A handout photo made available by the Turkish Foreign Ministry Press Office shows Turkish Foreign Minister Hakan Fidan (L) and Syria's opposition leader Ahmed al-Sharaa (R), also known as Abu Mohammed al-Jolani, shaking hands during their meeting in Damascus, Syria, 22 December 2024.  EPA/TURKISH FOREIGN MINISTRY PRESS OFFICE
A handout photo made available by the Turkish Foreign Ministry Press Office shows Turkish Foreign Minister Hakan Fidan (L) and Syria's opposition leader Ahmed al-Sharaa (R), also known as Abu Mohammed al-Jolani, shaking hands during their meeting in Damascus, Syria, 22 December 2024. EPA/TURKISH FOREIGN MINISTRY PRESS OFFICE

Türkiye’s foreign minister said after meeting Syria's de facto leader in Damascus on Sunday that there was no room for Kurdish militants in Syria's future, calling for the YPG militia to disband.

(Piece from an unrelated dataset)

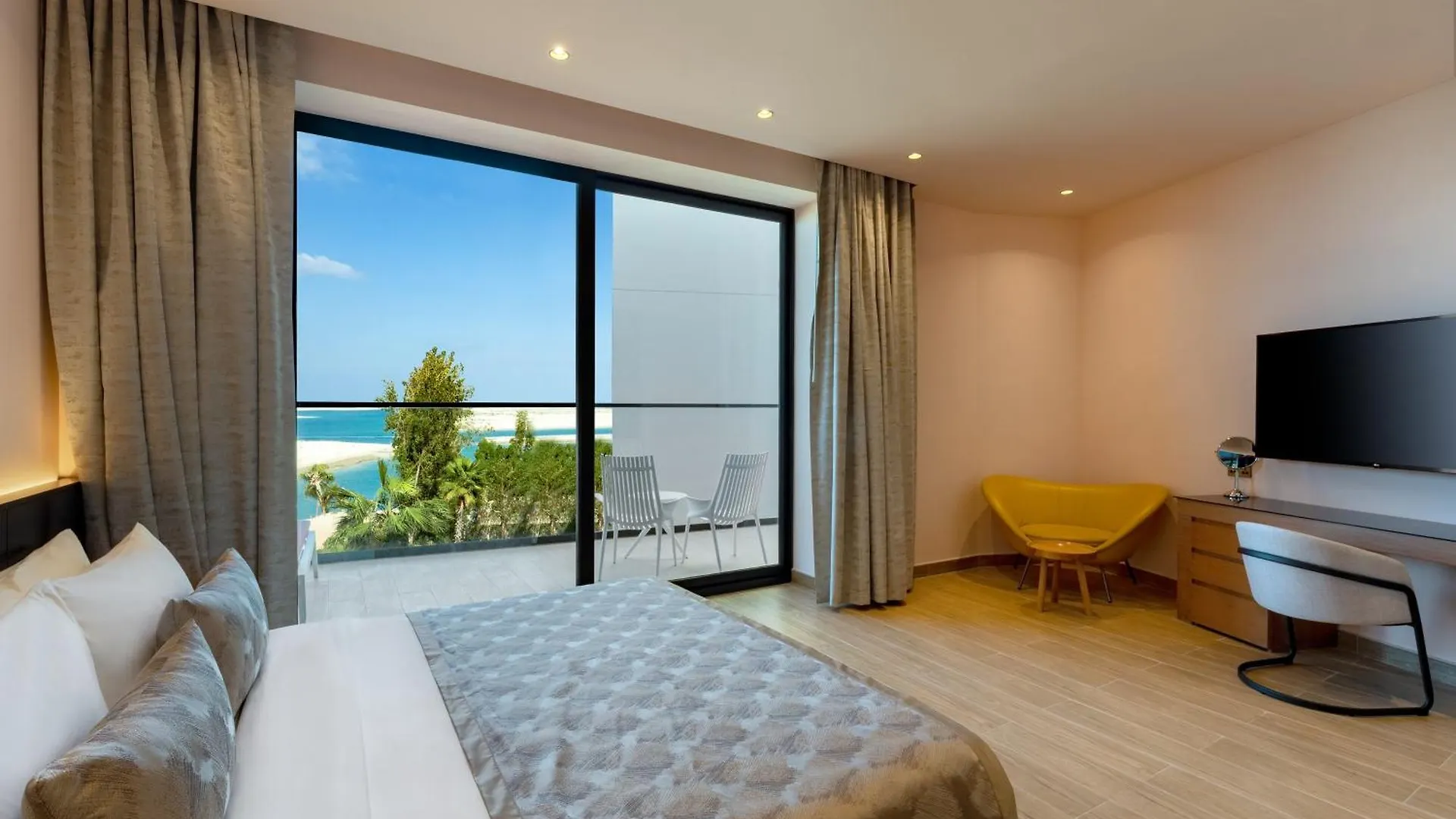 Hotel Voco Monaco Dubai By Ihg, Adults Only, World Islands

Türkiye regards the YPG as an extension of the Kurdistan Workers Party (PKK) militants who have fought an insurgency against the Turkish state for 40 years and are deemed terrorists by Ankara, Washington and the European Union.

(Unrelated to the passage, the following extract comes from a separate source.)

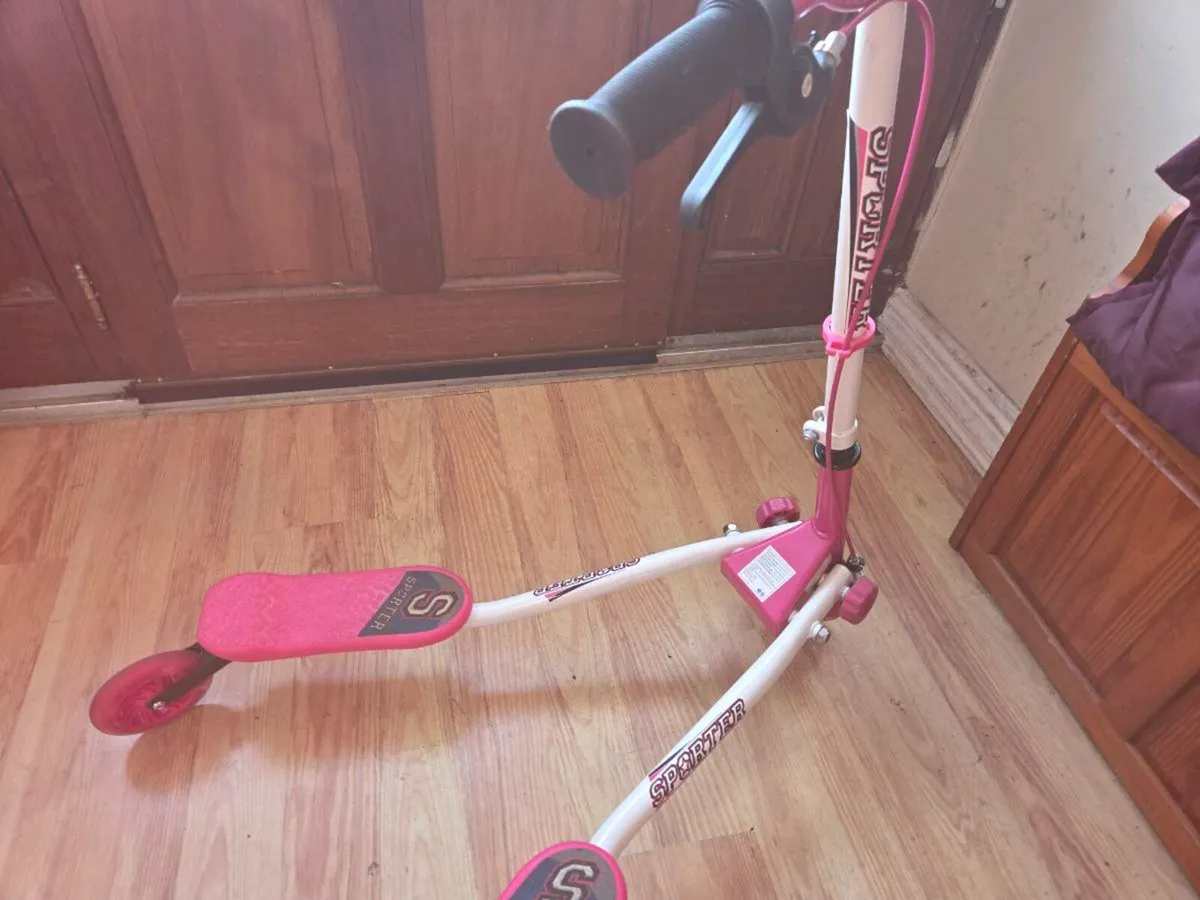 Pink flicker - Image 1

Sunday's visit to Damascus by Hakan Fidan, the first foreign minister to visit Damascus since Bashar al-Assad's overthrow two weeks ago, came amid hostilities in northeast Syria between Turkish-backed Syrian fighters and the YPG, which spearheads the US-allied Syrian Democratic Forces (SDF) in the northeast.
Speaking alongside Syria's de facto leader Ahmed al-Sharaa, Fidan said he had discussed the YPG presence with the new Syrian administration and believed Damascus would take steps to ensure Syria's territorial integrity and sovereignty.
"In the coming period, the YPG must come to a point where it is no longer a threat to Syria's national unity," Fidan said, adding the YPG should disband.
The SDF played a key role defeating ISIS militants in 2014-2017 with US air support, and still guards ISIS fighters in prison camps. US Secretary of State Antony Blinken warned that the group would try to re-establish capabilities in this period.
Fidan said the international community was "turning a blind eye" to the "illegality" of the SDF and YPG's actions in Syria, but added that he believed US President-elect Donald Trump would take a different approach.
He said the new Syrian administration had told him during their talks that they could manage the ISIS prison camps, if needed.
In a Reuters interview on Thursday, SDF commander Mazloum Abdi acknowledged the presence of PKK fighters in Syria for the first time, saying they had helped battle ISIS and would return home if a total ceasefire was agreed with Türkiye. He denied any organizational ties with the PKK.
The SDF has been on the back foot since Assad's fall, with the threat of advances from Ankara and Türkiye-backed groups as it looks to preserve political gains made in the last 13 years, and with Syria's new rulers being friendly to Ankara.
Earlier, Türkiye's defense minister said Ankara believed Syria's new leadership, including the Syrian National Army (SNA) armed group which Ankara backs, will drive YPG fighters from all of the territory they occupy in the northeast.
Ankara, alongside Syrian allies, has mounted several cross-border offensives against the Kurdish faction in northern Syria and controls swathes of Syrian territory along the border, while repeatedly demanding that its NATO ally Washington halt support for the Kurdish fighters.
Ankara had for years backed opposition groups looking to oust Assad and welcomed the end of his family's brutal five-decade rule after a 13-year civil war. Türkiye also hosts millions of Syrian migrants it hopes will start returning home after Assad's fall, and has vowed to help rebuild Syria.
Fidan said all international sanctions imposed against Assad must be lifted as soon as possible to help Syria start rebuilding, offering Ankara's assistance on matters such as infrastructure development.
Sharaa told Sunday's press conference his administration would announce the new structure of the defense ministry and military within days.